Burgess v. Towne

538 P.2d 559, 13 Wash. App. 954, 1975 Wash. App. LEXIS 1448
CourtCourt of Appeals of Washington
DecidedJuly 21, 1975
Docket2802-1
StatusPublished
Cited by17 cases

This text of 538 P.2d 559 (Burgess v. Towne) is published on Counsel Stack Legal Research, covering Court of Appeals of Washington primary law. Counsel Stack provides free access to over 12 million legal documents including statutes, case law, regulations, and constitutions.

Bluebook
Burgess v. Towne, 538 P.2d 559, 13 Wash. App. 954, 1975 Wash. App. LEXIS 1448 (Wash. Ct. App. 1975).

Opinion

*955 Callow, J.

This is an action brought by a traffic court defendant, as plaintiff, claiming false imprisonment against the municipal court judge. Summary judgment was entered in favor of the defendant municipal judge, and the plaintiff appeals.

The plaintiff, Virginia Burgess, alleged that in September 1973, she appeared before Judge Vernon W. Towne in Seattle Municipal Court charged with two traffic offenses. She stated that following the presentation of testimony, and while the court was summarizing the case orally, the judge said “I know you are guilty.” The plaintiff states that upon hearing this statement she responded “What do you mean?” and the judge responded “I know you are guilty.” The plaintiff alleges she then asked the judge how he knew she was guilty, whereupon he became angry and ordered her to be detained. She states that she was then removed from the courtroom and placed in an adjoining small room. She alleges she was detained there from 9:25 a.m. until 10:10 a.m., when she was returned to the courtroom and ordered to sit in the jury box until 11:55 a.m. The judge then found her guilty and imposed a fine.

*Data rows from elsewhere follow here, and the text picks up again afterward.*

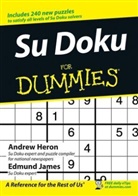 J Baker, A Heron, Andre Heron, Andrew Heron, Heron Andrew, Edmund James... - Su Doku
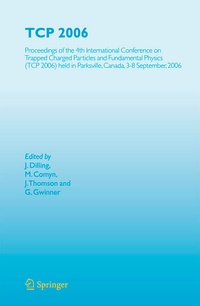 Enlarge image Cover: TCP 2006 - Springer
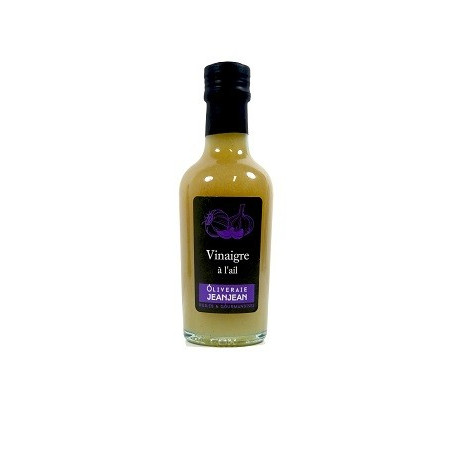 Vinaigre à la pulpe d'Ail 25cl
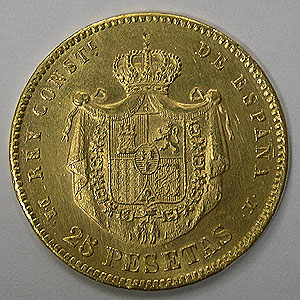 Articulo Numismatica Reverso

The allegations of the defendant-judge vary from the position of the plaintiff. The defendant-judge asserts that after hearing the testimony he inquired of the defendant (plaintiff herein) if she wished to say anything more. He states he then began summarizing the facts, whereupon the defendant became loud, angry and insulting, and would not allow him to continue. The judge states that he asked her to sit down and said he would talk to her further after the remaining cases on the calendar had been heard. The defendant-judge alleges she refused to be seated and continued her loud speech and insulting language. He states she was creating a disturbance in the courtroom and so he asked the bailiff to have her sit outside the courtroom in the clerk’s office until he could talk with her. It is his position that he then continued her case to the end of the calendar in order to be able to conclude it in an orderly fashion.

*956 The defendant claimed the defense of judicial immunity and moved for judgment on the pleadings, which was treated as a motion for summary judgment. CR 12 (c); CR 56. We are called upon to review whether summary judgment should have been granted in the light of the evidence presented. Summary judgment having been entered for the defendant, the evidence must be viewed in the light most favorable to the plaintiff. CR 56; Mason v. Bitton, 85 Wn.2d 321, 534 P.2d 1360 (1975); Clarke v. Alstores Realty Corp., 11 Wn. App. 942, 527 P.2d 698 (1974).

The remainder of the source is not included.